“We don’t?” I jerk my hand back so sharply the mug on the side of the table rattles, tea sloshing over the rim. “Because I’m pretty sure you threw it away when you couldn’t keep it in your pants during soundcheck.”
There’s a murmur from a nearby table. The barista pretends not to stare.
Mark’s jaw tightens. “You’re being dramatic.”
“I’m being accurate,” I say. “Here’s how this goes. You stop talking about me in interviews. You stop hinting in your songs that we’re secretly still in love. You stop letting your publicist leak that we ‘might be working on things.’”
He opens his mouth.
I hold up a hand. “And if you don’t, I stop protecting your image and tell the world exactly why I left. Every last detail. With receipts.”
For the first time, real fear grazes across his face.
“Annabelle!”
“This was your one polite warning,” I say, standing. My chair scrapes. “Next round is not polite.”
I grab my purse.
He looks up at me, eyes searching. “You're really picking him over me?”
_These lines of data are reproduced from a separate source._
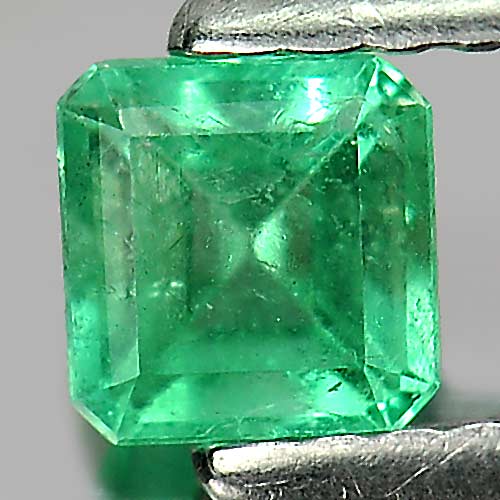 0.39 Ct. Octagon Shape Natural Gemstone Green Emerald Unheated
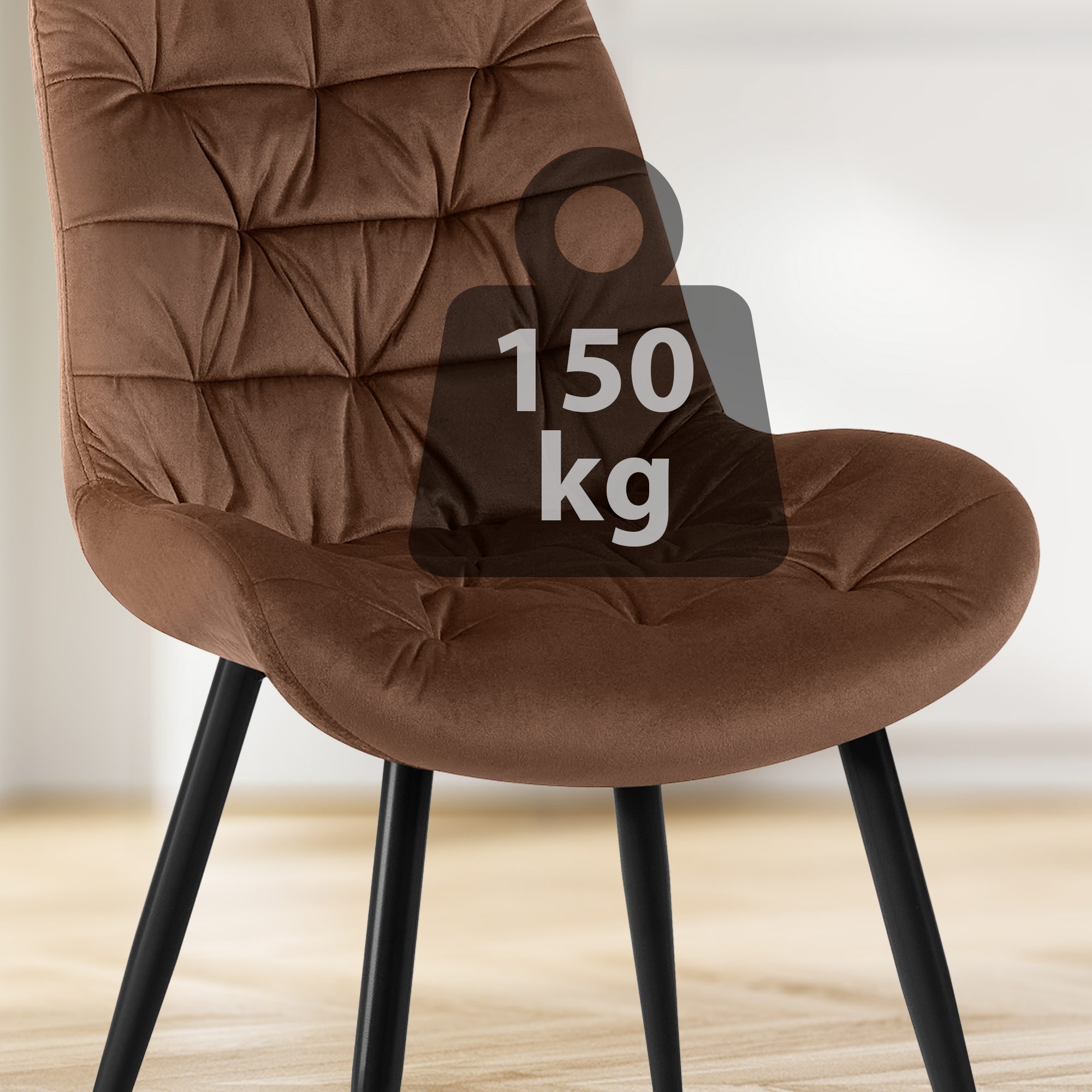 Eetkamerstoel Rossford fluweel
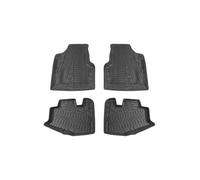 VIYOLI Alfombrillas para Pies Coche Forro Carga para Jeep para Wrangler TJ 1997-2005 2006 Cubierta Impermeable Alfombra Accesorios Interiores Alfombra Revestimiento Suelo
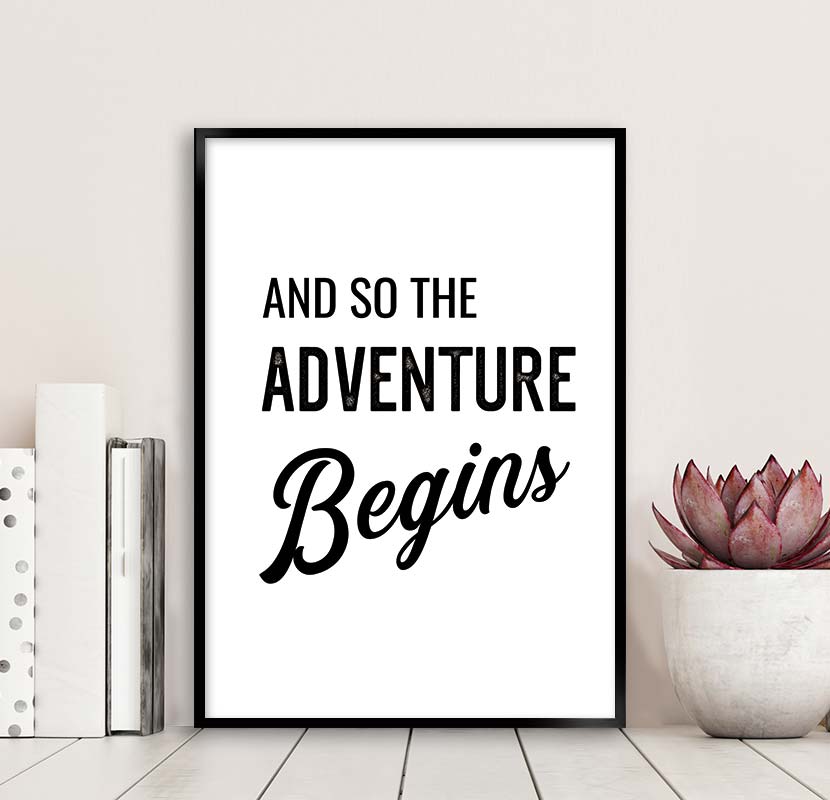 adventure begins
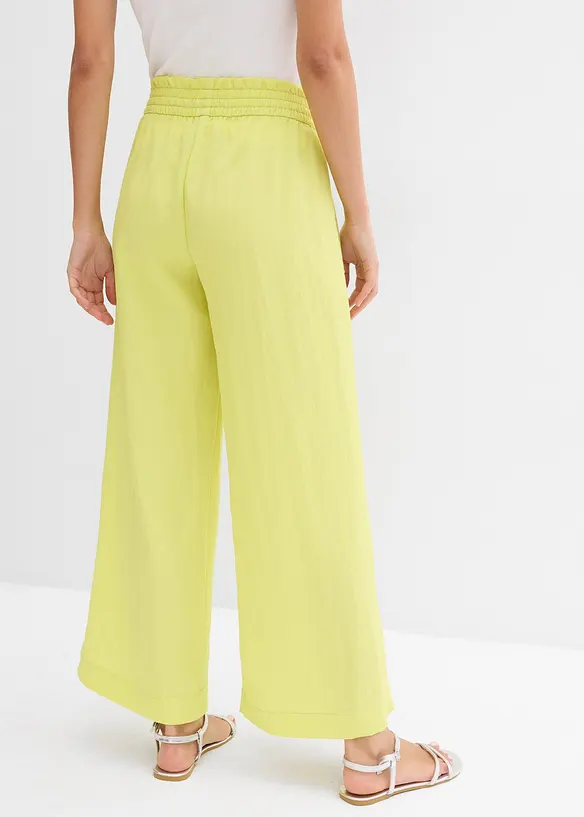 Culotte kalhoty ze splývavé směsi s lyocellem, bonprix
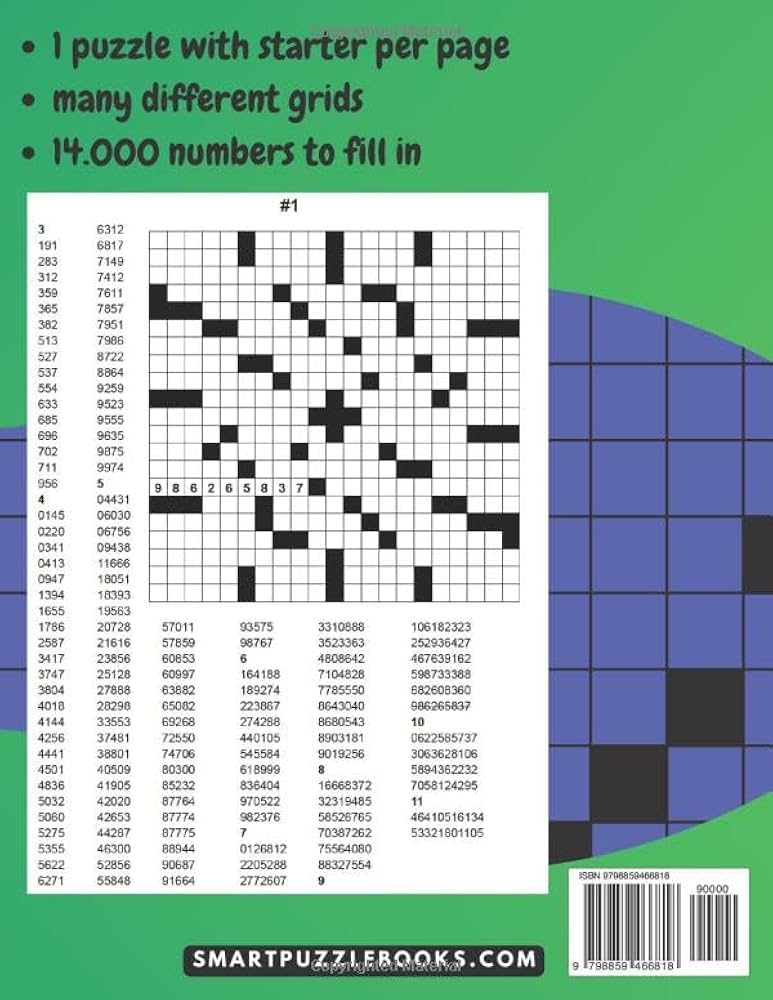 Extreme Number Fill in Puzzle Book for Adults: 100 Large Print Fill-Ins Puzzles with 14.000 Numbers to Fit into 21x21 Grids: Publishing, Smart Monkey: 9798859466818: Amazon.com: Books extreme-number-fill-in-puzzle-book-for-adults-100-large-print-fill-ins-puzzles-with-14-000-numbers-to-fit-into-21x21-grids-publishing-smart-monkey-9798859466818-amazon-com-books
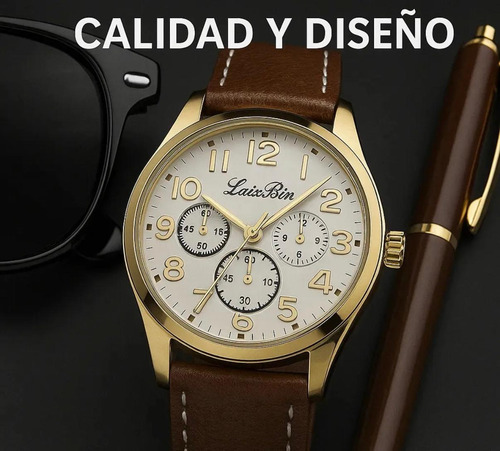 Set Regalo Hombre Padre Reloj Y Cinturon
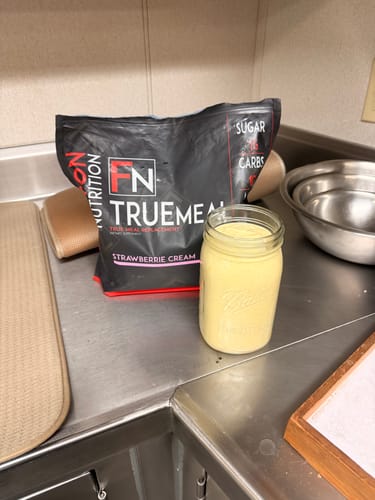 Customer photo review of True Meal Low Carb Meal Replacement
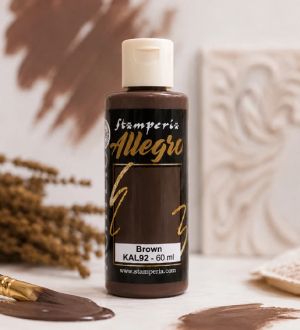 Акрилна боя Stamperia Allegro - Brown - 60 мл.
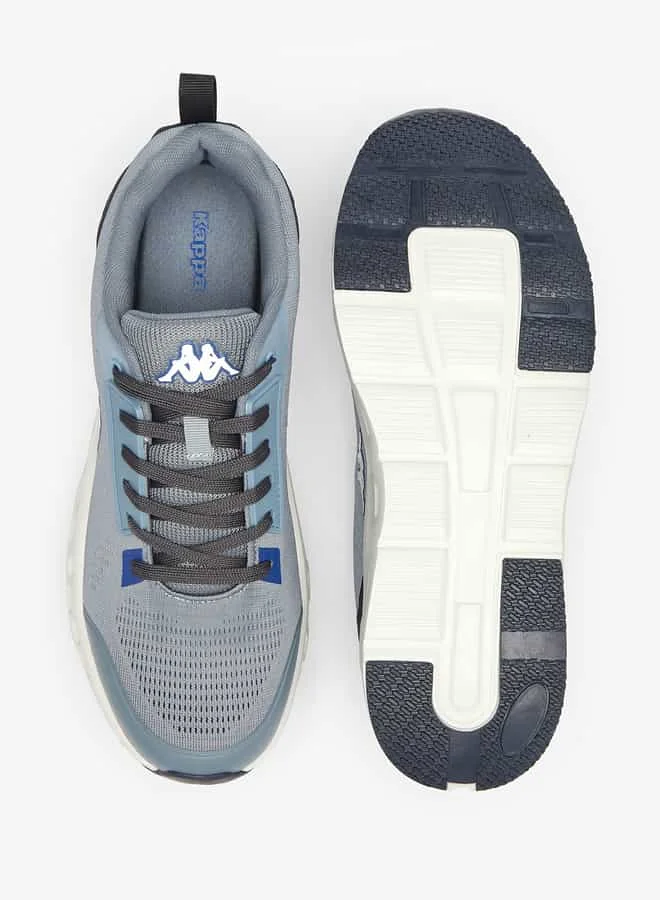 Kappa Men's Textured Sports Shoes with Lace-Up Closure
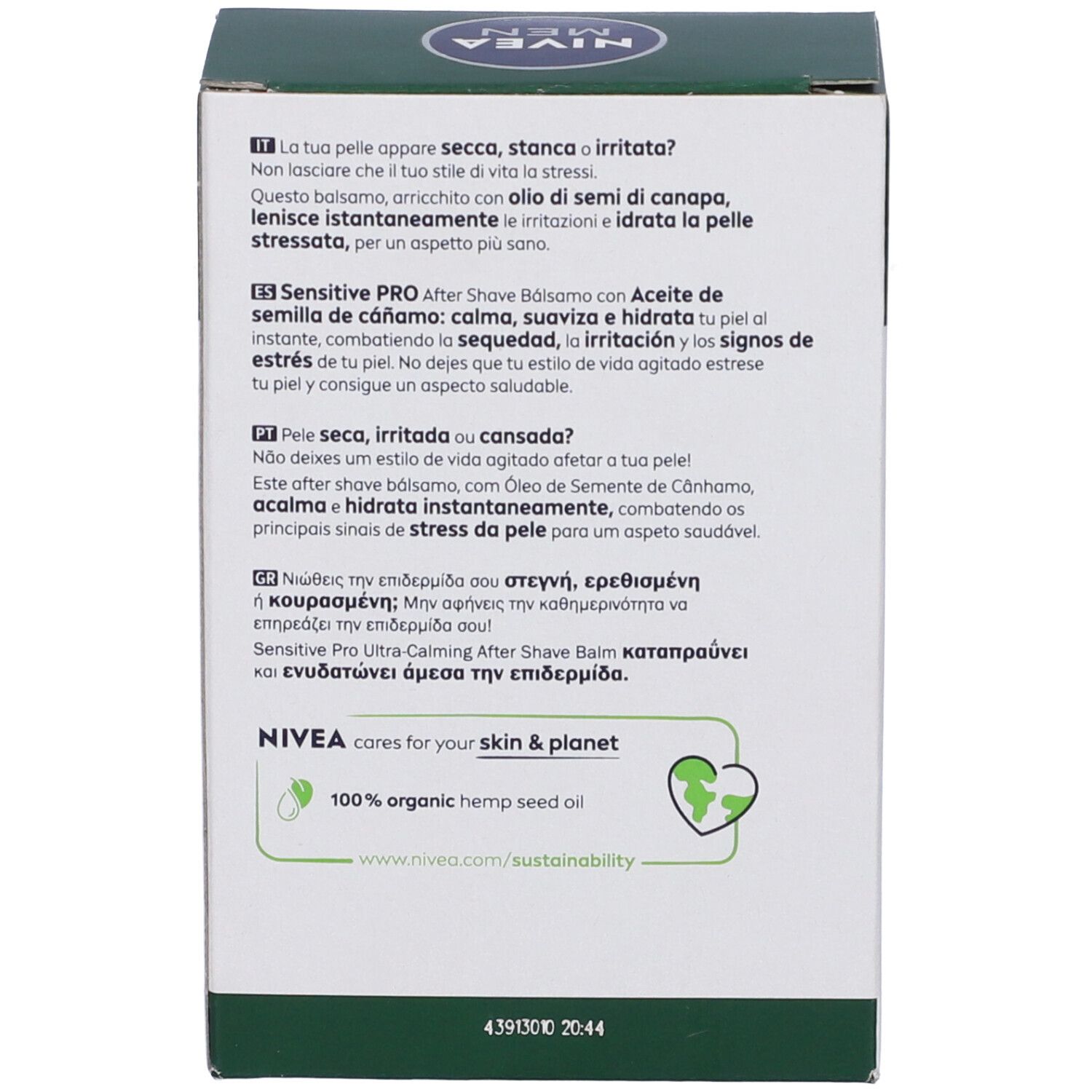 Nivea Men Sensitive Pro Ultra-Calming Balsamo Dopobarba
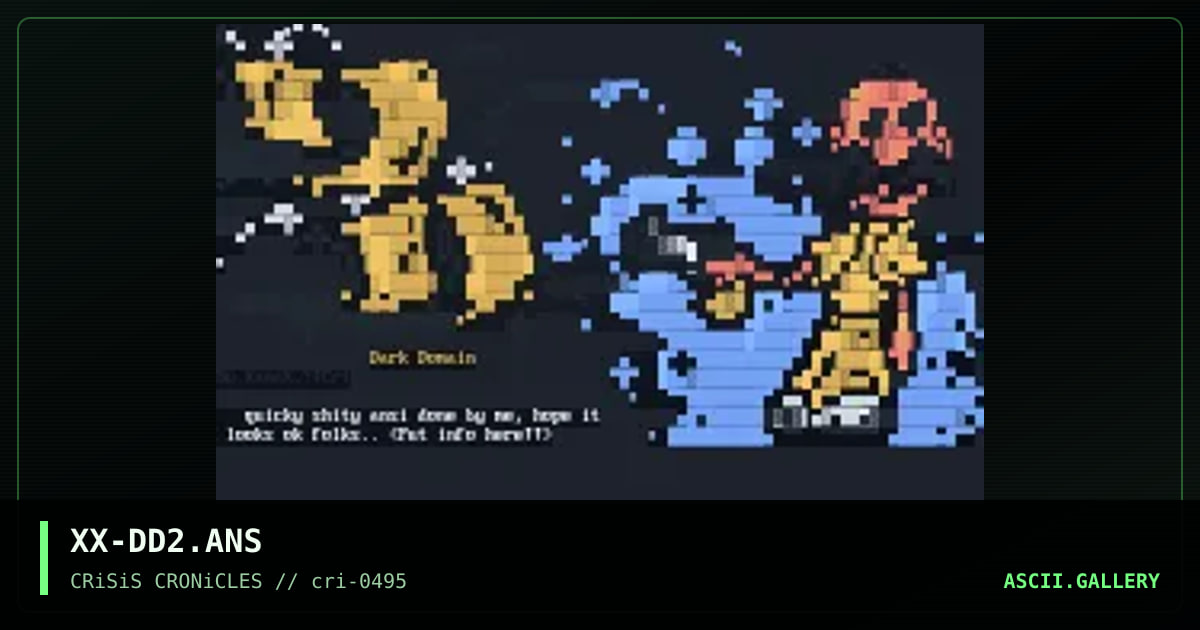 Dark Domain, by xanax, 1995
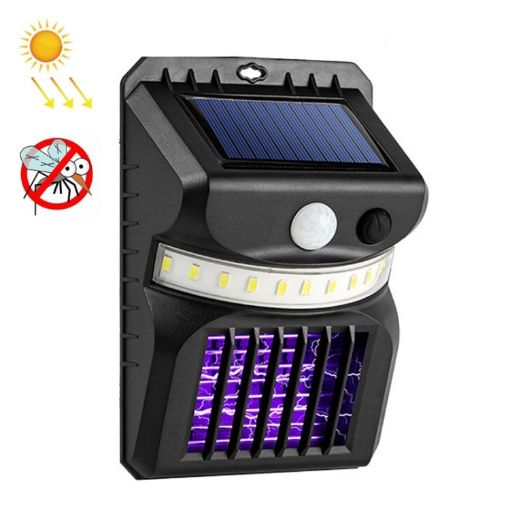 E-SMARTER W792 LED Solar Wall Light with Purple Light Mosquito Control - 1
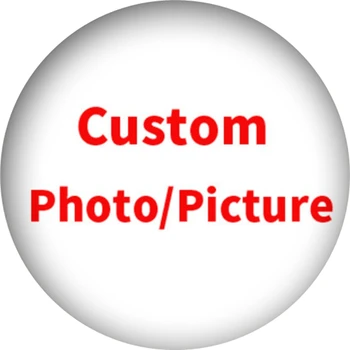 

Handmade custom photo/picture badge glass cabochon dome DIY personalization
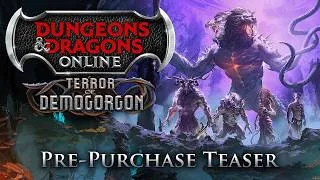 Thumbnail: Terror of Demogorgon Teaser Trailer - Dungeons & Dragons Online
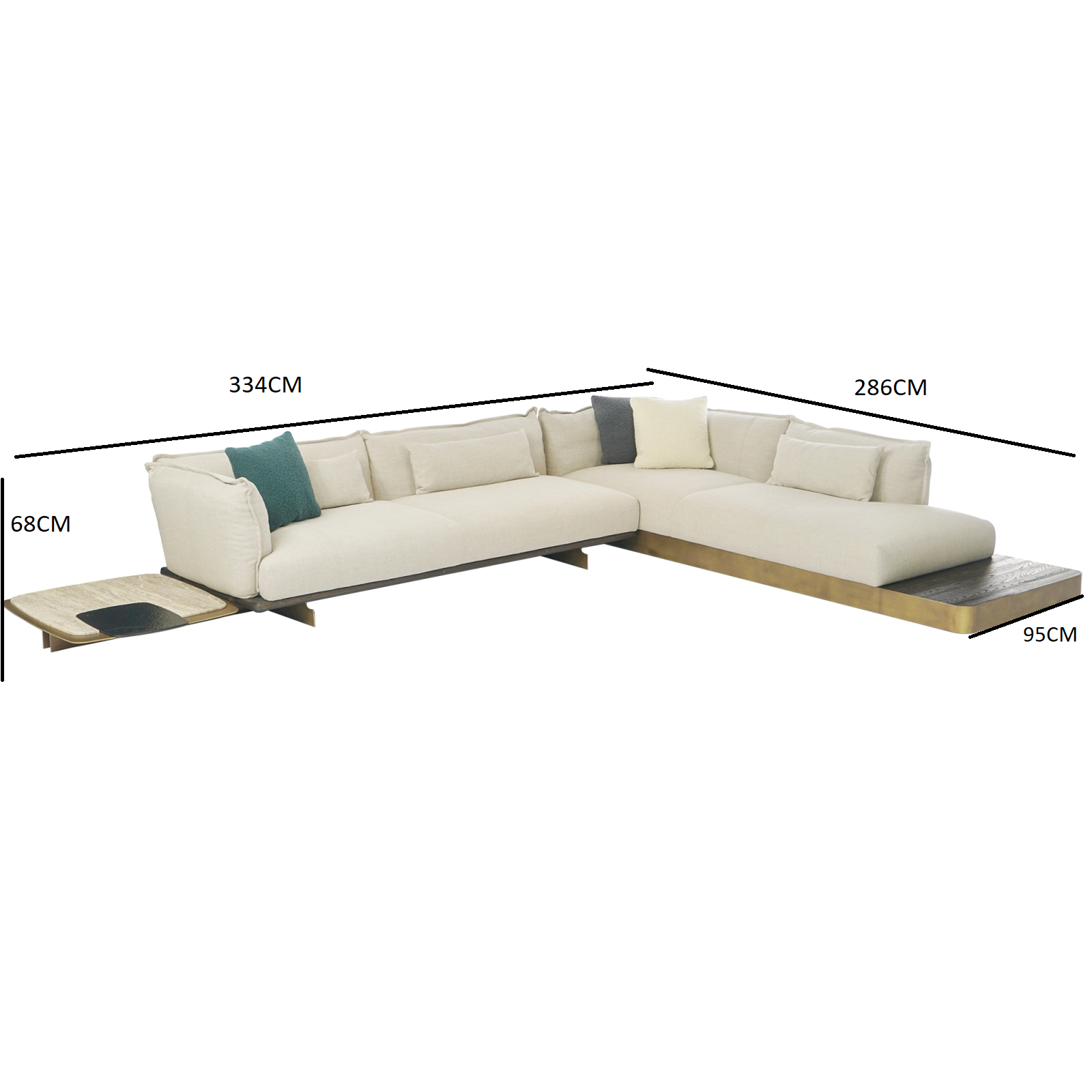 Stratos Sofa from durable natural wood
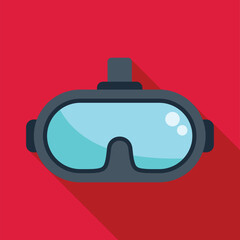 Diving mask representing summer vacation and underwater adventures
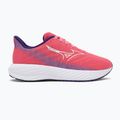 Children's running shoes Mizuno Enerzy Rider Jr camelliarose/ snowwhite/violiet 2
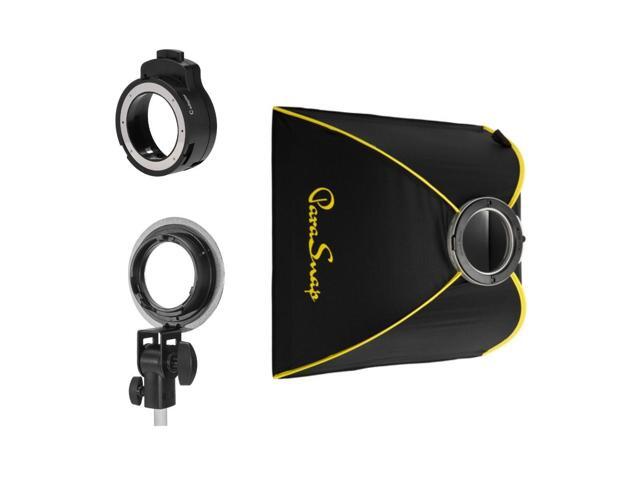 Glow ParaSnap 32x32' Square Softbox with Adapter for Roundhead Speedlights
I consider him, the man I once thought I’d marry, who now feels like an inconvenience with a good stylist.
“I'm picking me over you.” I pause. “And yeah. I am picking Bryce, too.”
I turn and walk out before he can answer, my heart pounding and my hands shaking.
Outside, the cold air hits me like a slap. I suck in a breath, then another, trying to calm my nervous system down. That went about as badly as expected and still somehow worse.
I did the right thing. I know I did.
So why do I feel like I just kicked over a beehive?
I have the strangest sensation as I head down the sidewalk, like I’m being watched. I glance around. Just people, benches, shop windows reflecting the street back at me.
No one I know.
But the feeling doesn’t go away.
***
By the time I make it back to my office at the arena, the buzzing in my chest has migrated to my phone.
It won’t stop vibrating.
I drop into my chair, set my bag down, and finally check the screen.
Thirty-six notifications.
“Oh, good,” I mutter. “That’s never terrifying.”
I tap one at random.
It opens to a gossip account.
The post is a photo. Grainy, zoomed the hell in, but still painfully clear.
Me, sitting in the café. Mark’s hand over mine.